The number one culprit in this film, even above her lecherous director, is Nina's "self-sacrificing" mother Erica, who lives with her adult daughter and continues to fret over her as though she were still a small child. Erica is terrified of losing control and letting go of the last remaining hope that her own squandered life might still achieve some sort of vicarious meaning, however remote.

We've all heard and seen this song and dance over and over again, yet people continue to repeat the same mistake with each new generation. 

Alas, the fruit does not fall far from the tree: both Nina and her mother lack any degree of nobility of spirit. Who or what is to blame? Nature or nurture? Take your pick.

The mother and daughter are entirely obsessed with fame and success and with achieving the recognition of other people. For this reason, I find it ludicrous to consider them artists at all. Nina and her mother aspire to acclaim, not to "artistic perfection," whatever that's supposed to mean.

The perfume of perfection, then, turns out to be whatever Beth (Leroy's former "little princess") happened to wear. Had she worn Aquolina Pink Sugar, Nina would have stolen that bottle instead. Nina is devoid of any capacity for judging anything beyond a set of values generated by la foule. She looks out into the audience yearning for their applause, and that is why she steals Beth's lipstick, cigarettes, diamond earring studs and perfume.

Nina is altogether incapable of evaluating the quality of a perfume. Left to her own devices, she might well choose Pink Sugar--for its "pretty pink" color, as she describes the grapefruit her mother serves her for breakfast. Pink is also the color of the huge, thickly iced strawberry cake Erica buys to celebrate her daughter's success in being named the Swan Queen. 

Beth's bottle in all likelihood contains Chanel no 5. Why? Because it is a famous and even legendary perfume--perfect for a princess. Nina believes that by following Beth's example, she can become Leroy's new "little princess". Judging by her mother's silence on the matter, it seems that Nina does not really wear the perfume, except perhaps for her visit to Mr. Leroy's office, where she asks for the lead role of the Swan Queen in the upcoming production of Swan Lake. 

Nina may have worn the perfume along with the lipstick in her desperate effort to win the lead role, for the director does note that she has come to him all "dolled up". However, the aspiring Swan Queen definitely does not wear the perfume at home.
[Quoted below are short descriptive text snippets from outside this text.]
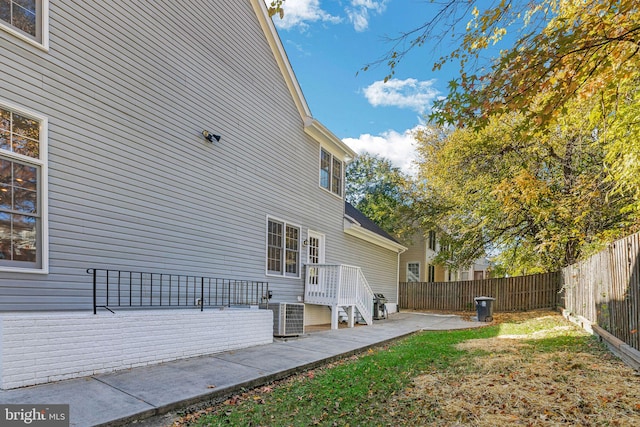 exterior space with central AC, a patio, and a wooden deck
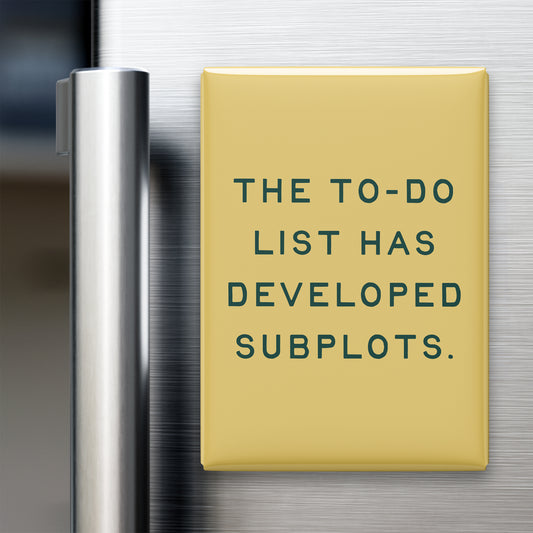 “The to-do list has developed subplots.” quote magnet displayed on a refrigerator
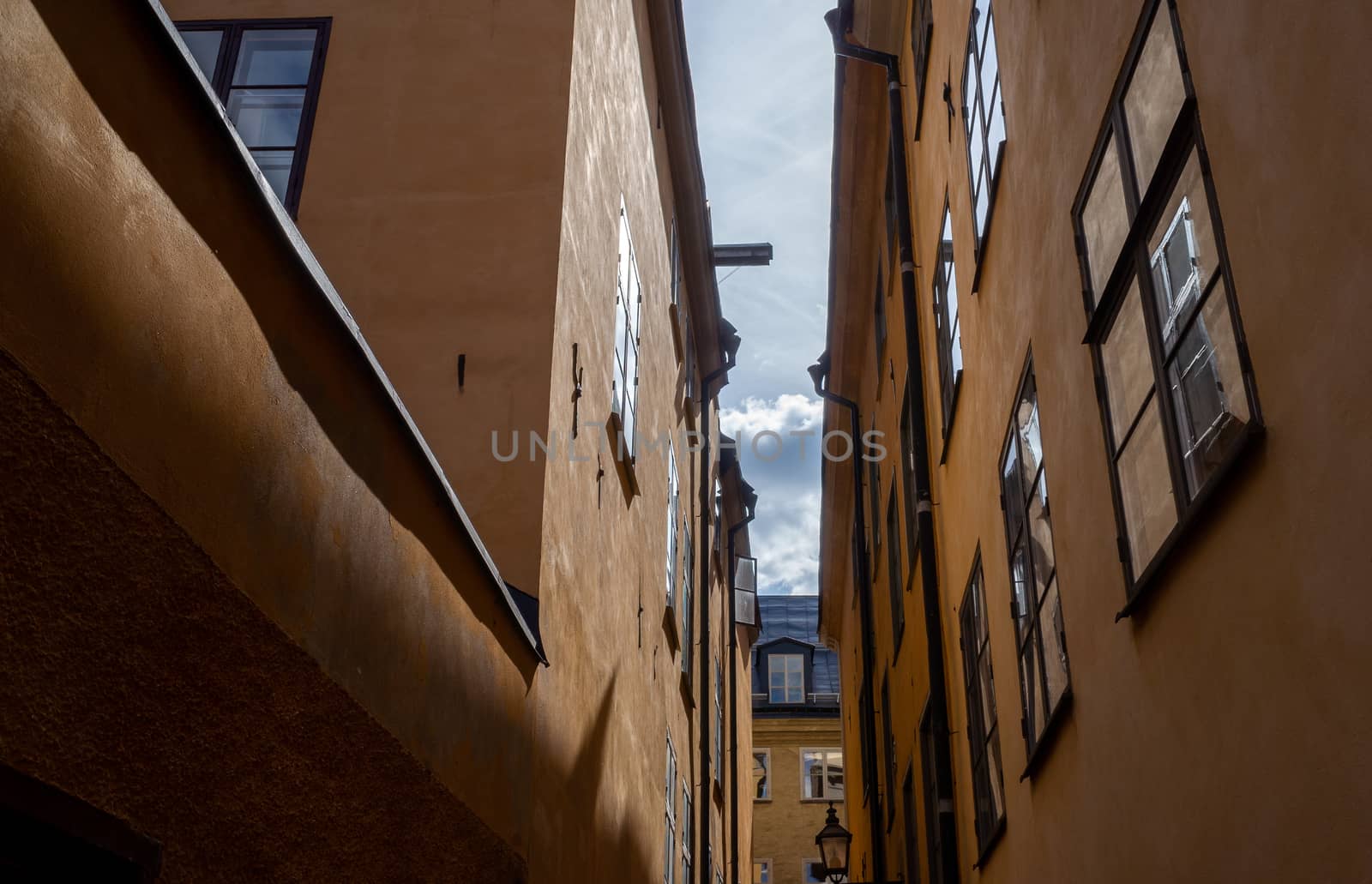 The narrow street of an old European city with yellow houses.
Her mother takes note of the diamond studs in her daughter's ears but says not a word about the perfume scent which surely would waft strongly from anyone who applied Chanel no 5 to her skin. The best explanation may simply be that Nina takes a hot shower and lathers up with Camay soap to maintain her pink sheen after each day's rehearsal and before taking the subway home.

In the end, Nina dies having tasted, she says, perfection. In reality, she has been released from her suffering, her bleeding fingers and toes, once and for all.